(Reuters) – The chief executives of the biggest U.S. banks are set to appear before the Senate Banking Committee on Wednesday, where they will probably push back on proposals for stricter capital rules.
The Committee’s Democratic chair Sherrod Brown has alleged that banks “reward corporations that raise prices on Americans.” Congress convenes the CEOs as part of its annual oversight of Wall Street firms.
Here are the bank CEOs scheduled to testify:
JAMIE DIMON, CEO OF JPMORGAN CHASE
Dimon, the outspoken chief of the biggest U.S. bank, has chided regulators over the draft capital rules, saying they would curb lending and economic growth if implemented.
Dimon, who assumed his current role in 2006, previously clashed with the Committee’s member Senator Elizabeth Warren on overdraft fees. Warren also criticized banking watchdogs for allowing JPMorgan to get even bigger when it bought failed lender First Republic Bank in May.
BRIAN MOYNIHAN, CEO OF BANK OF AMERICA
Moynihan, who became CEO in 2010, rebuilt the second-largest U.S. lender after its financial crisis-era acquisitions of Wall Street giant Merrill Lynch and mortgage lender Countrywide.
More recently, he has joined the industry chorus against the tougher capital rules.
The bank has raised its minimum hourly wage to $23, with a goal of eventually boosting it to $25 by 2025. Raising pay has been a centerpiece of the Biden administration’s strategy.
JANE FRASER, CEO OF CITIGROUP
Fraser, the first woman to lead a major Wall Street bank, took the helm in 2021. Her focus has been on streamlining the lender and refocusing on core markets.
The CEO is carrying out its biggest reorganization in decades to cut bureaucracy and increase efficiency. She has warned that there is “no room for bystanders” as the bank looks to close the gap with its peers.

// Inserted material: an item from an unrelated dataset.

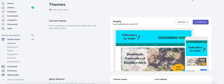Hey guys, this is Maggie from Rock Paper Copy, and in this video I'm going to show you quickly how to add related products to your Shopify store. I'm talking about the product page template, and it is very simple — especially if you have a theme called Supply, Simple, or Minimal.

CHARLIE SCHARF, CEO OF WELLS FARGO
Scharf has led Wells Fargo’s cleanup efforts since he became CEO in 2019. He has been tasked with repairing the damage from a sales practice scandal that emerged in 2016.
While its earnings have improved, the lender is still operating under an asset cap that prevents it from growing until regulators deem that it has fixed its problems.
DAVID SOLOMON, CEO OF GOLDMAN SACHS
Solomon is steering the storied investment bank back to its traditional strengths – trading and investment banking – in his fifth year as CEO.
Goldman’s consumer-banking flop lost billions and raised questions about Solomon’s strategy and leadership, which he has sought to address.
Its traders and dealmakers are among the best paid on Wall Street. The generous payouts have long been contentious with progressives, especially during times of the economic turmoil.
JAMES GORMAN, CEO OF MORGAN STANLEY
Gorman’s testimony will likely be his last during a 14 year-stint as CEO of the investment banking powerhouse.
He is set to hand over the reins to Ted Pick next month, but has said he’d “help fix up on the loose ends” of some regulatory matters including the Basel proposals and a probe into the bank’s block-trading activities.
ROBIN VINCE, CEO OF BANK OF NEW YORK MELLON
Vince, a former Goldman Sachs veteran, took the helm at BNY Mellon last year. The bank oversees $45.7 trillion in assets.
Earlier this month, BNY Mellon said it will increase its minimum wage next year to $22.50 an hour from $20 and expand mental health benefits for employees.
RONALD O’HANLEY, CEO OF STATE STREET
O’Hanley has steered State Street, one of the world’s largest custodian banks, since 2019.
He recently highlighted its focus on controlling costs.